THE PROBLEM: Return the data word for word. Pictures are to be omitted.

INFORMATION SUPPLIED:
[Start of section]
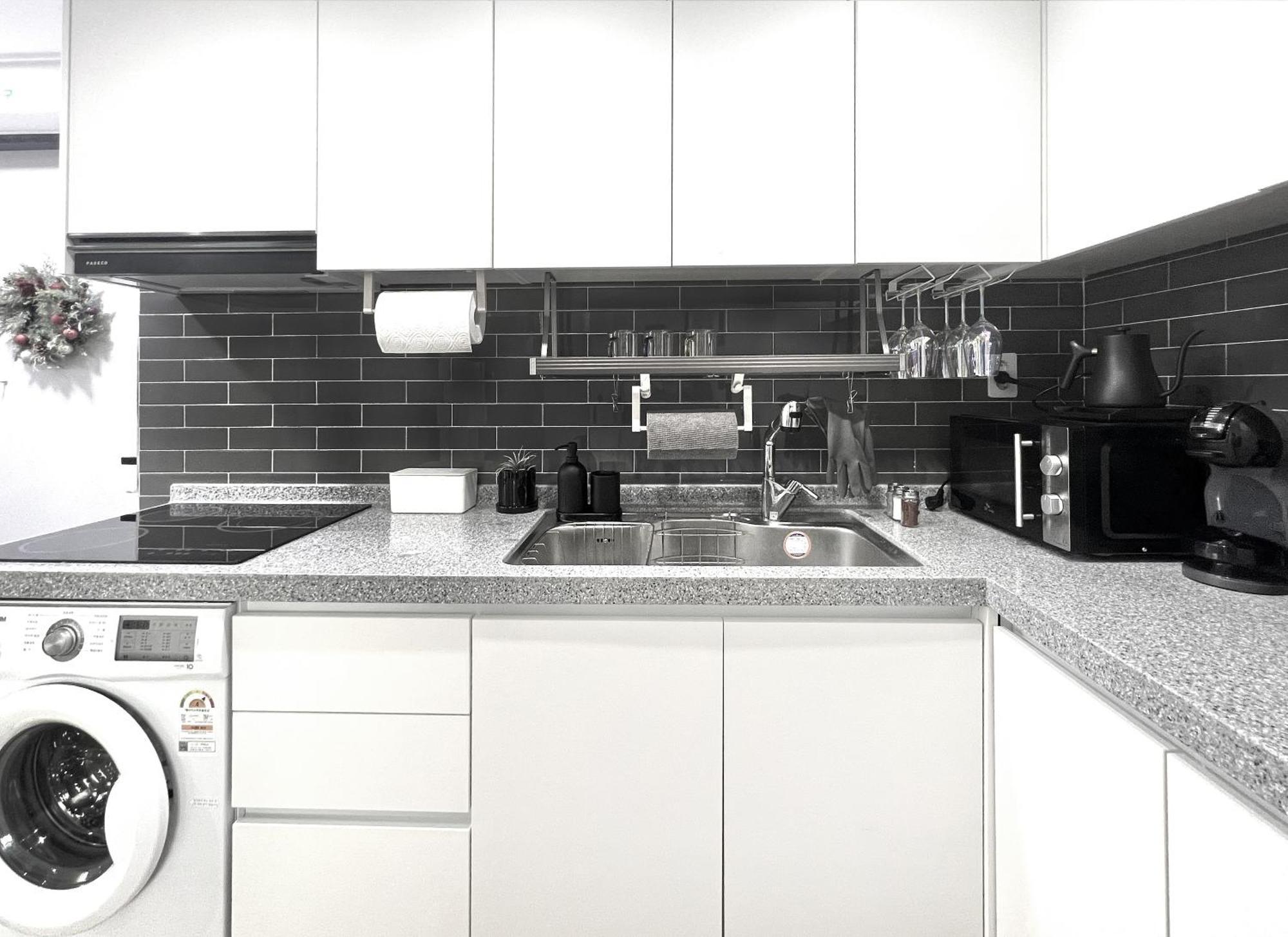 Villa Hongdae Station 7min, Designer House *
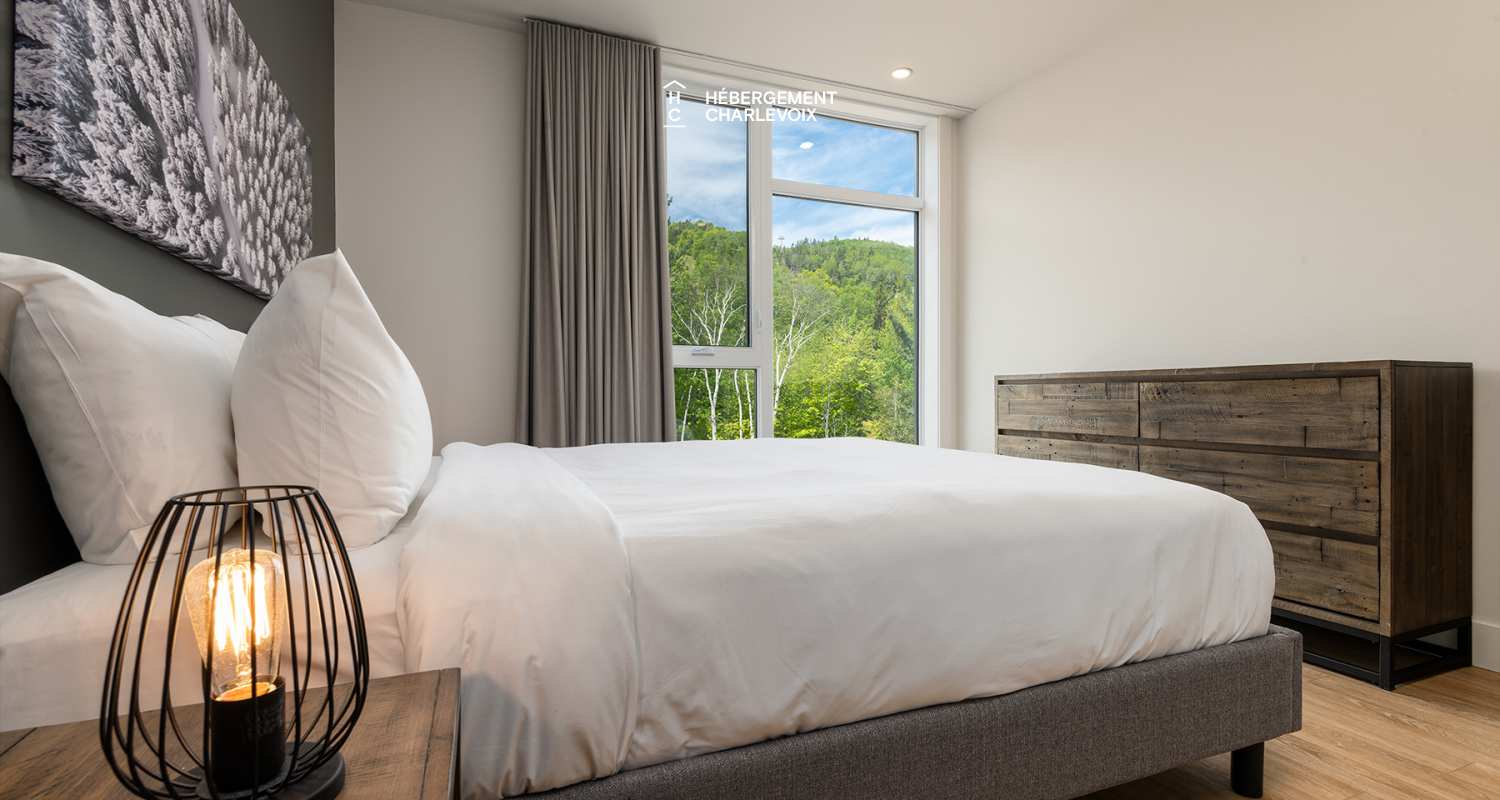 Cache 3 chambres, 1 lit King, 1 lit Queen, 2 lits simples superposés, 1 divan-lit - unité de coin - 1 à 8 personnes - Situé à moins 200 mètres du télésiège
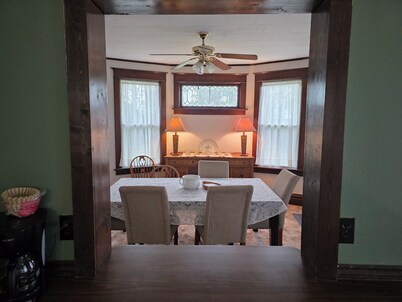 Welcome to Grandma's Cottage!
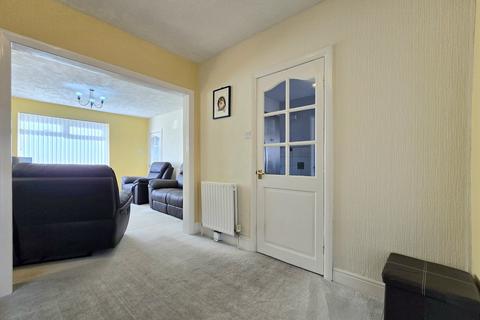 3 bedroom semi-detached house for sale, Redesdale Gardens, Gateshead NE11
[End of section]
TASK OUTPUT:
 Villa Hongdae Station 7min, Designer House *
 Cache 3 chambres, 1 lit King, 1 lit Queen, 2 lits simples superposés, 1 divan-lit - unité de coin - 1 à 8 personnes - Situé à moins 200 mètres du télésiège
 Welcome to Grandma's Cottage!
 3 bedroom semi-detached house for sale, Redesdale Gardens, Gateshead NE11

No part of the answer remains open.